Противоречивые чувства вызывает романс «Последний разговор», открывающий сборник.

В стихотворении Полонского нарисована расхожая ситуация — свидание в ночном саду, соловьиная песнь и безответное признание. Танеев строит свою композицию таким образом, чтобы снять все возможные привычные представления о романсах на эту тему. Романс достаточно сложен по музыкальной структуре, тональный и гармонический планы кажутся даже несколько искусственно выстроенными. Невольно соглашаешься с Асафьевым, подчеркнувшим, что мышление Танеева настолько «сильно и гармонично, что как бы ни казалась отвлеченной и рассудочной найденная им форма, в результате она-то и служит всецело тому, чтобы чувство или эмоциональный тон музыки сохранили именно через нее всю свежесть и первозданность».

Не следует забывать, что сочинялся этот романс не юным человеком, а умудренным композитором. В работе Танеева ярко ощущается знание того, как следует выразить то или иное эмоциональное и психологическое состояние. В результате появляется романс с совершенно особым обликом. Просто и естественно написан первый эпизод: спокойный аккомпанемент напоминает рисунок колыбельной, но никакой изобразительности в нем нет; фортепиано дает возможность полностью погрузиться в слово певца. Лишь в тактах 19—20 появляется выразительная перекличка голоса и фортепиано — как бы имитация соловьиной песни на фразе «и внимать ночному соловью». В последнем эпизоде на словах «с соловьиной песнею» возникает вариант этого мотива, который можно оценить как момент изобразительный.

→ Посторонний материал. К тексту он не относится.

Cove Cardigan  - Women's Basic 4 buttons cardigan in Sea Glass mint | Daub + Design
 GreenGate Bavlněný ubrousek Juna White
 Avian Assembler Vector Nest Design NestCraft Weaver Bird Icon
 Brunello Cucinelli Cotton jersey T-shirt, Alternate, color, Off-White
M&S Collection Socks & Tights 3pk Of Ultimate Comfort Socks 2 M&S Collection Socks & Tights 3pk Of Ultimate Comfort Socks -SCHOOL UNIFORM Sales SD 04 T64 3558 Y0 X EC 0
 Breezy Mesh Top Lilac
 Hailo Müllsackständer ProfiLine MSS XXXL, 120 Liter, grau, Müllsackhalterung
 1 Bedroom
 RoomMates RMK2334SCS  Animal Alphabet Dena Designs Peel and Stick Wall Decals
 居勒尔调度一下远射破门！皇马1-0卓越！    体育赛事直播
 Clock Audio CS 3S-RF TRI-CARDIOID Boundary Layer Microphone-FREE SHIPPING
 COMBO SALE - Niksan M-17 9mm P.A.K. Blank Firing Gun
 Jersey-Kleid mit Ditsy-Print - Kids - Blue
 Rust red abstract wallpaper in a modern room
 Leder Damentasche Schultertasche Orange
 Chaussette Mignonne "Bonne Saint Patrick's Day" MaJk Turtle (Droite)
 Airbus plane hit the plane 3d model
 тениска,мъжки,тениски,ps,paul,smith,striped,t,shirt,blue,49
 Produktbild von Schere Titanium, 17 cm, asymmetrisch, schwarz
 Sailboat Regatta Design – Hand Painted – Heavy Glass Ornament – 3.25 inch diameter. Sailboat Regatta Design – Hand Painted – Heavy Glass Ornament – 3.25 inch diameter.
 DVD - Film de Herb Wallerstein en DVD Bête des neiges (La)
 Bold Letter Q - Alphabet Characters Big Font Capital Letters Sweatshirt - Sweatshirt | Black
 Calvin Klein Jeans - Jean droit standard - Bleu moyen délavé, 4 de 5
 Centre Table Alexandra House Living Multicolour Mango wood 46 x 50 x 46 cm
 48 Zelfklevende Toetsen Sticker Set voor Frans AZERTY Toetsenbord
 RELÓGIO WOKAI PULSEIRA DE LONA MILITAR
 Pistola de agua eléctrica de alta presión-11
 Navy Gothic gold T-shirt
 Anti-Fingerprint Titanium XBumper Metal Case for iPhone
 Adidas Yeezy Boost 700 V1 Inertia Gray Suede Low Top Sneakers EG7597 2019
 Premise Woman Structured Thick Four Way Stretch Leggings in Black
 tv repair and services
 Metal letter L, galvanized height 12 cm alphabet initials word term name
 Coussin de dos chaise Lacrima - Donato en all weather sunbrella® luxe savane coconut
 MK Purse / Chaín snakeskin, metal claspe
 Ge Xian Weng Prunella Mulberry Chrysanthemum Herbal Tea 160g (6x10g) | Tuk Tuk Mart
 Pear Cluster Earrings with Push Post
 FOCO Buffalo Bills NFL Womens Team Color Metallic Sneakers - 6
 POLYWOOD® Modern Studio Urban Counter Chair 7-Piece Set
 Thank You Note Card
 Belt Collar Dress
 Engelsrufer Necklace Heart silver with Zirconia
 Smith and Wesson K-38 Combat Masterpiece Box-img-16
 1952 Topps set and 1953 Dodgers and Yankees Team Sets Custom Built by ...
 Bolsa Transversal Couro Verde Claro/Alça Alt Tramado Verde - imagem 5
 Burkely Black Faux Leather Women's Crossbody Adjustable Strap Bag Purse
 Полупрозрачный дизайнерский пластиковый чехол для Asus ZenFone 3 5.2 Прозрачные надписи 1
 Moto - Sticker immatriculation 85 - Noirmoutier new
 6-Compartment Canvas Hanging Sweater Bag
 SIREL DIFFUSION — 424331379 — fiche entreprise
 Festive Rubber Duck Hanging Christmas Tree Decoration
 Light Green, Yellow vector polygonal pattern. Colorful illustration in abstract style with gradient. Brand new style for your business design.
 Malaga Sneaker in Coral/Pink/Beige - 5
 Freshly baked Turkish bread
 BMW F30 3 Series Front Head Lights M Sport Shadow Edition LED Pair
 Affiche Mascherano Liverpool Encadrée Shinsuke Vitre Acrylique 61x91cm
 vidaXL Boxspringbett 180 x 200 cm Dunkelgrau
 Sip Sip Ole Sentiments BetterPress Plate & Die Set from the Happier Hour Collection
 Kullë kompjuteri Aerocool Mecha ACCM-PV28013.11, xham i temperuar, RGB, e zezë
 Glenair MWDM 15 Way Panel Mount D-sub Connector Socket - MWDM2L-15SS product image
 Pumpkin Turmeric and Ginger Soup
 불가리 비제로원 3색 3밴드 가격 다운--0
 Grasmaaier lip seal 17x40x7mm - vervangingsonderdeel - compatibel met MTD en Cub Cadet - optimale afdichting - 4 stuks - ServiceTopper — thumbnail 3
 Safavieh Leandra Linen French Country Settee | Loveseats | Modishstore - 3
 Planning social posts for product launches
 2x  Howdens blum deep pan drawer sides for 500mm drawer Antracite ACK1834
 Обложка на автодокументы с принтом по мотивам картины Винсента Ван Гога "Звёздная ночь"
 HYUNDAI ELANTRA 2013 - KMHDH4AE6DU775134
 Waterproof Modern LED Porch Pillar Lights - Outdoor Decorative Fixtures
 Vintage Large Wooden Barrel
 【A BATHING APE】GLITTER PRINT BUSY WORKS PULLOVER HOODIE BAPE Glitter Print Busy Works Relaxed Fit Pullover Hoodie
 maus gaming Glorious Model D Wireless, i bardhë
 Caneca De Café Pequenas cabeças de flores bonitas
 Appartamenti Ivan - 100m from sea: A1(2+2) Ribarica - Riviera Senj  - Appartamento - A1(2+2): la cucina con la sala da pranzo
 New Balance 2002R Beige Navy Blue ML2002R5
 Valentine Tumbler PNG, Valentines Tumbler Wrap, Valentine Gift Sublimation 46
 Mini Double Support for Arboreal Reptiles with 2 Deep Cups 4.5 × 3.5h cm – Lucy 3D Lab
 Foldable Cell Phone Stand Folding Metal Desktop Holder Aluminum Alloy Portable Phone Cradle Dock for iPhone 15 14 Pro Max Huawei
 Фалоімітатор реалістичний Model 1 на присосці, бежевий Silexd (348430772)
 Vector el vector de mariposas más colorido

В средней части и в заключительном эпизоде наблюдается явная перегрузка фортепианной фактуры, частые тональные отклонения и модуляции приводят нас к кульминации, которая как раз и приходится на заключительный эпизод. Композитору не хватает слов и, драматизируя образ, он повторяет в конце последнюю фразу: «С соловьиной песнею в устах». Но все же это повторение-нагнетание надо еще обыграть исполнительски, так как некоторая искусственность всего кульминационного эпизода дает себя знать. Композитором подробно указаны оттенки, штрихи как для певца, так и для пианиста, но все это напоминает холодную мозаику и останется таковым, если певец не найдет смыслового, человечного оправдания или доказательства.